假设我有下一个数据:
df <- data.frame(name = c("TO for", "Turnover for people", "HC people",
"Hello world", "beenie man",
"apple", "pears", "TO is"),
number = c(1, 2, 3, 4, 5, 6, 7, 8))
我想根据行字符串模式过滤df,如果name列的行以c("TO", "Turnover", "HC")开头,则过滤else remove。
以下代码给我一条警告信息:
library(data.table)
test <- df[df$name %like% c("TO", "Turnover", "HC"), ]
控制台输出:
Warning message:
In grepl(pattern, vector, ignore.case = ignore.case, fixed = fixed) :
el argumento 'pattern' tiene tiene longitud > 1 y sólo el primer elemento será usado
预期输出应该如下所示:
# name number
# TO for 1
# Turnover for people 2
# HC people 3
# TO is 8
还有其他方法可以做到这一点吗?
%like%未矢量化。

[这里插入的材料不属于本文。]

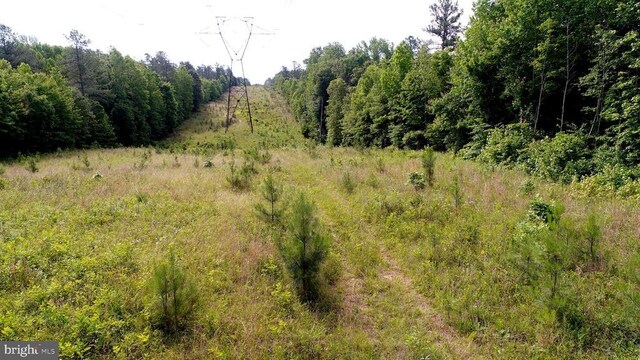 13251 Brooke Ridge Ln, Spotsylvania, VA 22551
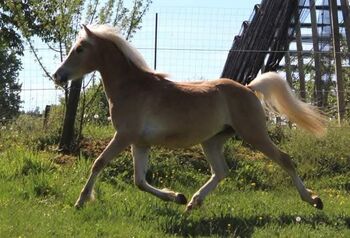 Araber-Haflinger Hengst zu Verkaufen im Auftrag, Melanie Taferner , Pferd kaufen, St. Michael ob Bleiburg 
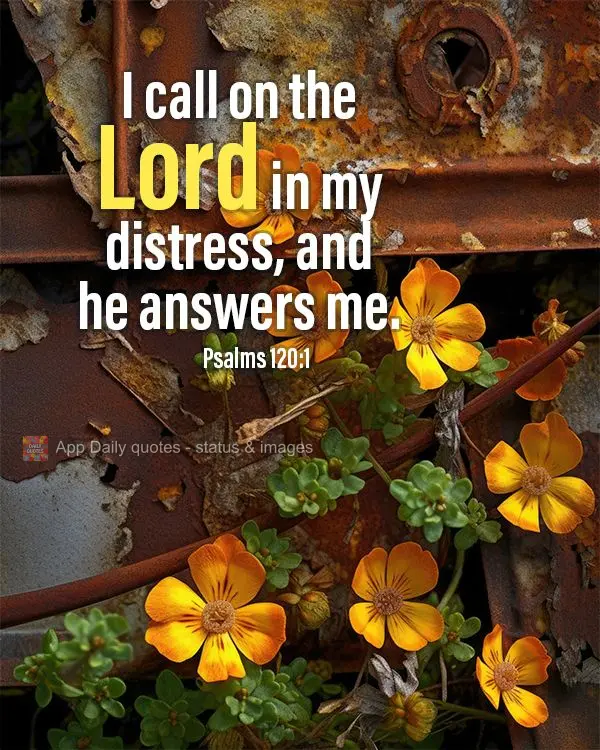 I call on the Lord in my distress, and he answers me. Psalms 120:1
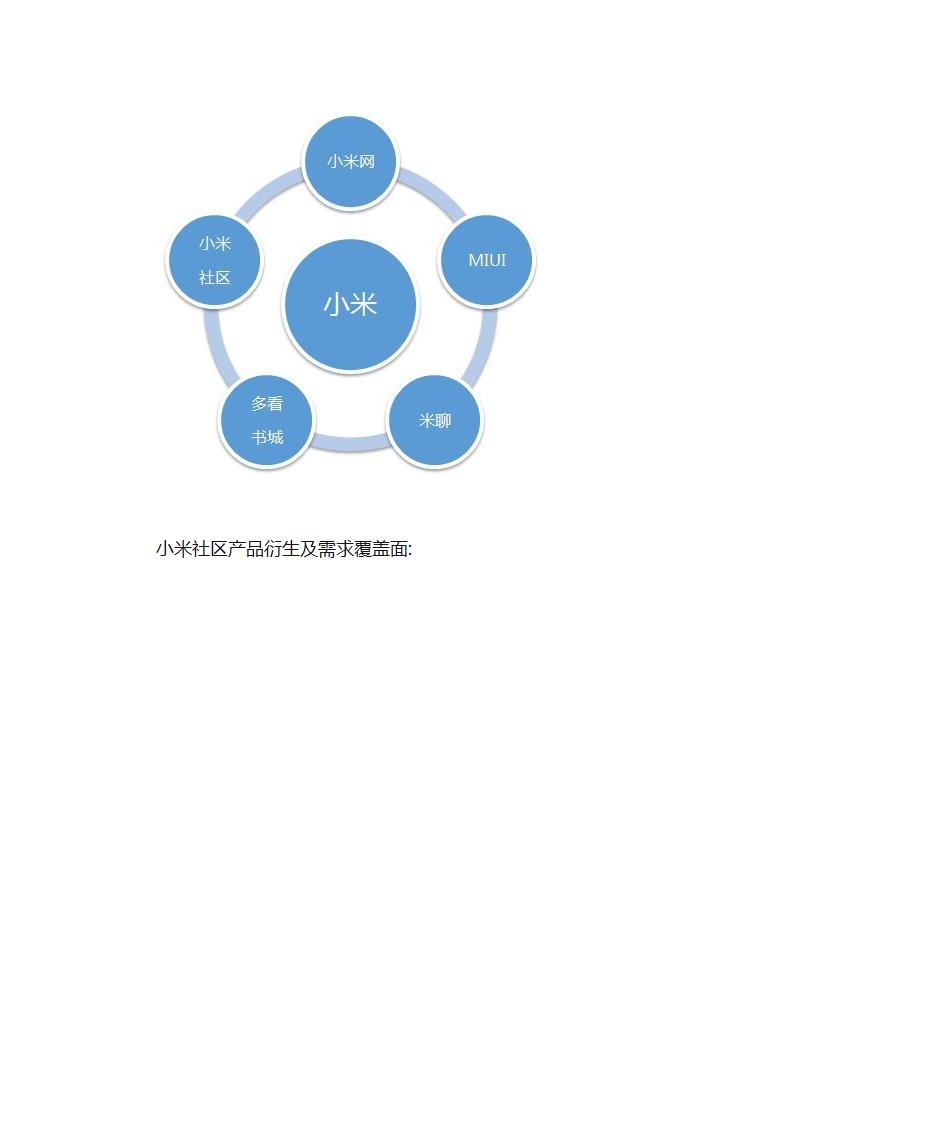 小米手机的差异化战略第5页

我们可能需要通过pattern、vector和Reduce将其循环到单个逻辑向量
i1 <- Reduce(`|`, lapply(c("TO", "Turnover", "HC"), `%like%`, vector = df$name))
df[i1,]
# name number
#1 TO for 1
#2 Turnover for people 2
#3 HC people 3
#8 TO is 8
或者这可以通过grepl通过|将vector折叠成单个字符串来实现
pat <- paste(c("TO", "Turnover", "HC"), collapse= "|")
df[grepl(pat, df$name),]
# name number
#1 TO for 1
#2 Turnover for people 2
#3 HC people 3
#8 TO is 8
也可用于%like%和
df[df$name %like% pat,]